** Records for processing follows **

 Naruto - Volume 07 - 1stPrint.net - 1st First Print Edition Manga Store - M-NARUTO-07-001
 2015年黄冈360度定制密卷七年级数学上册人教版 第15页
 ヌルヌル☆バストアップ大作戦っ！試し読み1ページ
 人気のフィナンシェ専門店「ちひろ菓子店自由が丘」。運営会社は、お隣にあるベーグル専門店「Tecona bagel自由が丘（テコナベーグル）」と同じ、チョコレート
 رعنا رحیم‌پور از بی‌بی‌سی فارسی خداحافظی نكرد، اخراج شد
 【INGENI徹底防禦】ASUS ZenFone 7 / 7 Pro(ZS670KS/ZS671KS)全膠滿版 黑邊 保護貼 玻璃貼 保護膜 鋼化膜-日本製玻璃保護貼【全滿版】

** End of Records for processing **

■ Task item
Return the line that contains "رعنا رحیم‌پور از" along with every line after it through the end of the entries, exactly, adding nothing.

■ Response area
 رعنا رحیم‌پور از بی‌بی‌سی فارسی خداحافظی نكرد، اخراج شد
 【INGENI徹底防禦】ASUS ZenFone 7 / 7 Pro(ZS670KS/ZS671KS)全膠滿版 黑邊 保護貼 玻璃貼 保護膜 鋼化膜-日本製玻璃保護貼【全滿版】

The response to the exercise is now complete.